How to Calibrate Quality Scores


Here we take you through our recommended process to calibrate quality scores.

Why Should You Calibrate Quality Scores?

While quality scores are often just seen as a method of measuring advisor performance, they can also boost the contact centre environment, by removing any perceived bias and preventing the perception of inequality.

– Making the Process Fair

By refining quality monitoring, you can remove conversations about the process not being fair such as “well … also forgot to repeat the customer’s name and they didn’t get marked down.”

This is because the procedure becomes standardised, so it does not matter who takes charge of the monitoring process.

– Consistency Across the Business

Also, calibration allows for consistent service across the business and validates contact centre procedures as well as performance standards.

Call Calibration Template : Our Step-by-Step Process

Here we present an eight-step process for calibrating quality scores that combines calibration sessions with gathering data and looking for deviations.

STEP 1 – Assign an Overall Leader for the Quality Process

To successfully oversee the calibration process, it is wise to have a leader who can both have the final say on which elements of the call should be assessed and bear the responsibility and consequences of that decision.

Tom Vander Well, Executive Vice President at c wenger group, says: “I think that one mistake in calibration is that there is no clear authority to make the decision.

Tom Vander Well

Tom Vander Well

“Say there are two different views on the same situation, how should we assess one particular behaviour in certain situations? Is this the decision that we’re making because it fits our brand? Or is it part of our strategic plan?

“So, there might need to be someone holding people accountable to that standard. I feel often that calibration, it just becomes an ongoing debate with no resolution.”

It seems important to have someone in charge of the process who can gather everyone’s opinions and make a decision with the company’s best interests in mind.

STEP 2 – Discuss Your Standards for Quality

The next step is determining whether to set a very high standard for quality, so that advisors are challenged to change their behaviours and achieve a high standard of customer service, or set a simpler standard.

Setting a simpler standard – where advisors achieve 100%, 90% of the time – provides advisors with evidence that they are doing a good job and may boost morale.

STEP 3 – Decide on Key Behaviours to Target

Once you have determined your standards for quality, it is time to choose which behaviours to target. Tom Vander Well recommends that most contact centres should target these three in particular:

  • First Contact Resolution (FCR)
  • Courtesy, friendliness and soft skills
  • Efficiency (lowering customer effort)

However, other contact centres, for example in financial sectors, must also target verification/compliance.

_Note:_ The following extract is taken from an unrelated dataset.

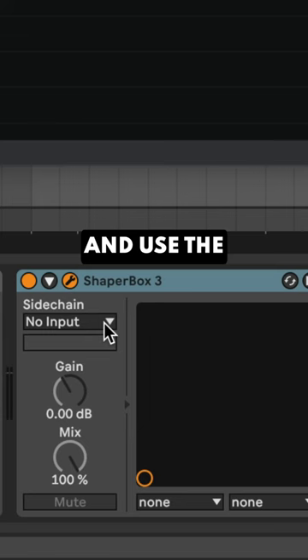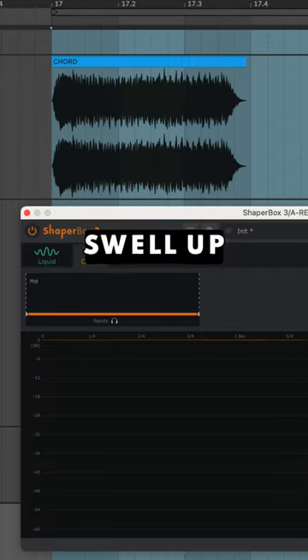Then load a sidechain plug-in and use the dry signal to duck the echoes so they swell up in the gaps.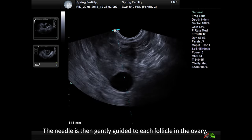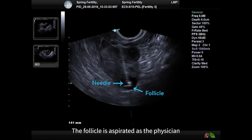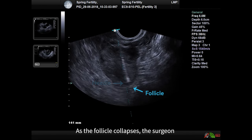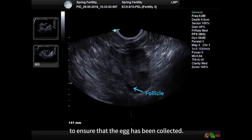The needle is then gently guided to each follicle in the ovary. The follicle is aspirated as the physician takes care to keep the needle in the center of the follicle. As the follicle collapses, the surgeon may gently curette the wall of the follicle to ensure that the egg has been collected.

STEP  4 – Ensure That Quality Targets Have a Purpose

Now that certain behaviours have been targeted, Ian Robertson, Customer Contact Specialist at The Forum, suggests asking:

Ian Robertson

  • What do the behaviours mean for our customers?
  • What do the behaviours mean for our colleagues?
  • What do the behaviours mean for our company/organisation?

By doing so, Ian Robertson says: “you can be objective and focused on the outcome, which should make it much easier to reach agreement.” 

So, if everybody involved in the process can agree on why FCR, for example, is important, and why they are targeting advisors on it, it is easier to come to an agreement as to what is considered FCR and the behaviours to look out for.

STEP 5 – Formulate a Quality Scorecard

Having listed the behaviours to target, it is time now to discuss the elements of each behaviour on which advisors can be scored.

For example, to target the soft skill of “hold etiquette”, Tom recommends the criteria:

  • Does not mute or leave caller in silence instead of placing caller on hold
  • Seeks caller’s permission to place him/her on hold
  • Thanks caller for holding when returning to the line
  • Apologises for wait on hold if length exceeds 30 seconds

Whereas for the vaguer topic of call resolution, Tom recommends:

  • Makes complete effort to provide resolution for caller’s question(s)
  • Offers call-back if wait time will/does reach 3 minutes
  • Provides time frame for call-back or follow-up correspondence
  • Confirms phone number for call-back

But everybody involved in the process should discuss the elements of each behaviour and together create a unique scorecard that the leader considers aligns with business goals.

STEP 6 – Create a Document With Guiding Principles to Remove Subjectivity

Despite creating a scorecard with the team, some call quality analysts may still have a different opinion of what constitutes a “complete effort to provide resolution for caller’s question(s),” for example.

In Tom Vander Well’s experience, “many calibration sessions turn into a war over a small piece of one call because of this.

“I found myself always asking: ‘what’s the principle we can glean from this discussion that will help us be more consistent in scoring all of our calls?’”

So, Tom Vander Well advises keeping “a ‘Calibration Monitor’ document that tries to summarise the general principles as discussed in the session, which will aid all analysts with future calls and provide guidelines to split the objective from the subjective.”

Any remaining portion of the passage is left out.